> [TRY IT]:
Take the line containing "Red Chevron Pattern" and every line after it to the end of the data, and write them out exactly as they appear.

◇ ◇ ◇

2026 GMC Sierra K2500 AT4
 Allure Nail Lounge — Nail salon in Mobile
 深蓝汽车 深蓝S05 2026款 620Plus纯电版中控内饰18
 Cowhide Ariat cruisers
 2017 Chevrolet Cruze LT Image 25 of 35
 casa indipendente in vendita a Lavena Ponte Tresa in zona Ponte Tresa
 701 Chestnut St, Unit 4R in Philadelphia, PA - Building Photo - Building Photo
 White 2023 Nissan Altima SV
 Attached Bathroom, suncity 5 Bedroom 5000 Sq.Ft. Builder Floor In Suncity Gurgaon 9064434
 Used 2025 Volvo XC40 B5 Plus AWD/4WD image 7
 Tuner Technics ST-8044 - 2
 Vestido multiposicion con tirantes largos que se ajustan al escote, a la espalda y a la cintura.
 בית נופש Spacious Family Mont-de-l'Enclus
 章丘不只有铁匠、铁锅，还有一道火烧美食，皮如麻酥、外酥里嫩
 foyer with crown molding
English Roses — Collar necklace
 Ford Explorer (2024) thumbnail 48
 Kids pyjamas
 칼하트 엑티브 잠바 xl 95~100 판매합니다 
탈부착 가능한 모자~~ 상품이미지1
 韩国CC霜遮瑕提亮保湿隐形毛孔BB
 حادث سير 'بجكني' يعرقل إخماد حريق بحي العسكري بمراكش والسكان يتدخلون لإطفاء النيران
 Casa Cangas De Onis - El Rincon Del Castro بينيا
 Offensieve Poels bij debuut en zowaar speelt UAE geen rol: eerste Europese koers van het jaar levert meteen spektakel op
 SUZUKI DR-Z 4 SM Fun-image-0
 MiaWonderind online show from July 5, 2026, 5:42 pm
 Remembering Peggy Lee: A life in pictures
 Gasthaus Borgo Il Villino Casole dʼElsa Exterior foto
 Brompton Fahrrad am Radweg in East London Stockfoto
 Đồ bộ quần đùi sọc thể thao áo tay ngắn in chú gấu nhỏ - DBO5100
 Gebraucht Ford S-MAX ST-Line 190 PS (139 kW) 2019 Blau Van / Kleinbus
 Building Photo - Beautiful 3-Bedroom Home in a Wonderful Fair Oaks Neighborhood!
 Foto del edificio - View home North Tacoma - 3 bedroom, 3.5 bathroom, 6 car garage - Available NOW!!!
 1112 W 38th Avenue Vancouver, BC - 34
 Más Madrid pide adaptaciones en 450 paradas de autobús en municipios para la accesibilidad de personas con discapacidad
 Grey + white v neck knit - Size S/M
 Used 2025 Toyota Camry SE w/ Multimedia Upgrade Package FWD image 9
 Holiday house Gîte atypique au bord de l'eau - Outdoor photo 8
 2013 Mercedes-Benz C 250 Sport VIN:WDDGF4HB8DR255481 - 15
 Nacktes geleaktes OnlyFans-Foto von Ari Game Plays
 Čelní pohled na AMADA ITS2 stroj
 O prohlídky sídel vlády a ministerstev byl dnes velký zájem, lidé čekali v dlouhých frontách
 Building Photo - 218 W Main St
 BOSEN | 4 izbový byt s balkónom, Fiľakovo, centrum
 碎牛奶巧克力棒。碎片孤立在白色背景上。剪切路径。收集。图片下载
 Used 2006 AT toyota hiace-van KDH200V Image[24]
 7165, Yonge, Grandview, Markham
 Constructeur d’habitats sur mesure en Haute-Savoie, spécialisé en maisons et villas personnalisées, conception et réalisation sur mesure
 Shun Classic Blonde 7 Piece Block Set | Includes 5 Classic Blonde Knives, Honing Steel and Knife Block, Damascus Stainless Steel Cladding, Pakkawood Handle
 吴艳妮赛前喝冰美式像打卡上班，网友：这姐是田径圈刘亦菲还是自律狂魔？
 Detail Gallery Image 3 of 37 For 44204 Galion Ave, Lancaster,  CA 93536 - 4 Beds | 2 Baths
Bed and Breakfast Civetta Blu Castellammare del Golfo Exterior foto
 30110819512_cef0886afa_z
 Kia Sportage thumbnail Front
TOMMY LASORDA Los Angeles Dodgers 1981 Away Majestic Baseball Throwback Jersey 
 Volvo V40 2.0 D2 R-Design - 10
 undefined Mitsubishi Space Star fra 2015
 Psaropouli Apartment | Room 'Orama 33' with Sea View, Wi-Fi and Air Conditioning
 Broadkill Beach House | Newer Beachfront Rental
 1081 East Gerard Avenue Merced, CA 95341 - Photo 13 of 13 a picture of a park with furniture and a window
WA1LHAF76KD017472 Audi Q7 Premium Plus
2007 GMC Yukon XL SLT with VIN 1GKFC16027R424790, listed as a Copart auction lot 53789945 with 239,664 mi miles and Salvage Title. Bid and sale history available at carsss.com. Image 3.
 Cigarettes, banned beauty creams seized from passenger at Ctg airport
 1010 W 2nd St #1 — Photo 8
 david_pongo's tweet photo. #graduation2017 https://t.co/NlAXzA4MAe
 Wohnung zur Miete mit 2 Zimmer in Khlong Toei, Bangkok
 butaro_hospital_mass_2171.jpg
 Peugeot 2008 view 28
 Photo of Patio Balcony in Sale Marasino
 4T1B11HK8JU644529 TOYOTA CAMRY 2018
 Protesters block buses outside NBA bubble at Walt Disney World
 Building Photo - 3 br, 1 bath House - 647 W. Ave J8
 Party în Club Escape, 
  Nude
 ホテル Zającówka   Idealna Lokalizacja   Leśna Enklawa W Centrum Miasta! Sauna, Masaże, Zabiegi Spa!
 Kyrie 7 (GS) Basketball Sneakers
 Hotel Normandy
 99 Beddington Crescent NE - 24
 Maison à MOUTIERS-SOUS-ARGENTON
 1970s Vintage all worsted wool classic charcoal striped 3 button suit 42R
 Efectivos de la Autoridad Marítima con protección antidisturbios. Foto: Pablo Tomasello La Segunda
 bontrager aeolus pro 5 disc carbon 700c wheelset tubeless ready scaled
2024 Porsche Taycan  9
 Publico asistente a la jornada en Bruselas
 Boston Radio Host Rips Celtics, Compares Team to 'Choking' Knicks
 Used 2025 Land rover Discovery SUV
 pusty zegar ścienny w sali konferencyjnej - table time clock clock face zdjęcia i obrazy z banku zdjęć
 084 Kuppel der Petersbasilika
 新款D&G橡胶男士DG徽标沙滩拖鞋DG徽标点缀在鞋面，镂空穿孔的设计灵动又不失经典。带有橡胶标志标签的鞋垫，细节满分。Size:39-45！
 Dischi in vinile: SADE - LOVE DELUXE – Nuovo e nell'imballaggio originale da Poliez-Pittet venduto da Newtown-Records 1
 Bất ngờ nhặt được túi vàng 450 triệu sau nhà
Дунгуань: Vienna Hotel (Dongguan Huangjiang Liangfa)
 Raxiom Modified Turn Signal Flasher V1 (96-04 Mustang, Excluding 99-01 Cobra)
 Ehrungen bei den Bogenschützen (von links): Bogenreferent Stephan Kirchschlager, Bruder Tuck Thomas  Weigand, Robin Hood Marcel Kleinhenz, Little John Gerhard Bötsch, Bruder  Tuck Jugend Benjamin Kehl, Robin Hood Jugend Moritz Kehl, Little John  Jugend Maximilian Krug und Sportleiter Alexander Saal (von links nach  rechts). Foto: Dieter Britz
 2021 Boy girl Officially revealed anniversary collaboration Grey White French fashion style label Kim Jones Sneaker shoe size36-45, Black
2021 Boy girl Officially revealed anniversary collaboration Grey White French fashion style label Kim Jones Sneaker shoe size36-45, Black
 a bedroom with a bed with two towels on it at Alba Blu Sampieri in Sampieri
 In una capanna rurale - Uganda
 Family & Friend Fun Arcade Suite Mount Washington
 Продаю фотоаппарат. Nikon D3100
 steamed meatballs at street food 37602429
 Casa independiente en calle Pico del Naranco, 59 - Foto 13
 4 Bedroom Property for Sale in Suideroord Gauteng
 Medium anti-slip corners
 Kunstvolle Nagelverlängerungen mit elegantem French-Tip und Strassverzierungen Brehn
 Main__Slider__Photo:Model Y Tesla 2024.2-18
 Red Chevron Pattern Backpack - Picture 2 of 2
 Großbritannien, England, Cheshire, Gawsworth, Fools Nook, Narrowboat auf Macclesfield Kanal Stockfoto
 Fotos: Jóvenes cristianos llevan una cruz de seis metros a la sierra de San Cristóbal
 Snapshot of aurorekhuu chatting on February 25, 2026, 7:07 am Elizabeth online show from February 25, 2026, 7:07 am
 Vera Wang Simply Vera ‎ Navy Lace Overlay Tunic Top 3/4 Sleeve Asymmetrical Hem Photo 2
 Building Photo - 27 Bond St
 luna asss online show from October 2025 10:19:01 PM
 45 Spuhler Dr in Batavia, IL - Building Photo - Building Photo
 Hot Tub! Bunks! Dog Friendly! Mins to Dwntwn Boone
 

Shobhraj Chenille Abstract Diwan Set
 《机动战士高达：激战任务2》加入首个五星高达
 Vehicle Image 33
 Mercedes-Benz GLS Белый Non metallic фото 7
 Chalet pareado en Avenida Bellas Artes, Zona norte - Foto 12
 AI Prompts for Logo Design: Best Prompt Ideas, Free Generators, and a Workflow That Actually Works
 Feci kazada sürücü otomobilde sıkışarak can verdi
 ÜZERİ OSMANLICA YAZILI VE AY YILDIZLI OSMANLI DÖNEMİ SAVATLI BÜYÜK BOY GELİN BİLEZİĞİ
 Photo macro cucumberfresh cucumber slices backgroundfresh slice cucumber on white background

◇ ◇ ◇

> [TASK RESPONSE]:
 Red Chevron Pattern Backpack - Picture 2 of 2
 Großbritannien, England, Cheshire, Gawsworth, Fools Nook, Narrowboat auf Macclesfield Kanal Stockfoto
 Fotos: Jóvenes cristianos llevan una cruz de seis metros a la sierra de San Cristóbal
 Snapshot of aurorekhuu chatting on February 25, 2026, 7:07 am Elizabeth online show from February 25, 2026, 7:07 am
 Vera Wang Simply Vera ‎ Navy Lace Overlay Tunic Top 3/4 Sleeve Asymmetrical Hem Photo 2
 Building Photo - 27 Bond St
 luna asss online show from October 2025 10:19:01 PM
 45 Spuhler Dr in Batavia, IL - Building Photo - Building Photo
 Hot Tub! Bunks! Dog Friendly! Mins to Dwntwn Boone
 

Shobhraj Chenille Abstract Diwan Set
 《机动战士高达：激战任务2》加入首个五星高达
 Vehicle Image 33
 Mercedes-Benz GLS Белый Non metallic фото 7
 Chalet pareado en Avenida Bellas Artes, Zona norte - Foto 12
 AI Prompts for Logo Design: Best Prompt Ideas, Free Generators, and a Workflow That Actually Works
 Feci kazada sürücü otomobilde sıkışarak can verdi
 ÜZERİ OSMANLICA YAZILI VE AY YILDIZLI OSMANLI DÖNEMİ SAVATLI BÜYÜK BOY GELİN BİLEZİĞİ
 Photo macro cucumberfresh cucumber slices backgroundfresh slice cucumber on white background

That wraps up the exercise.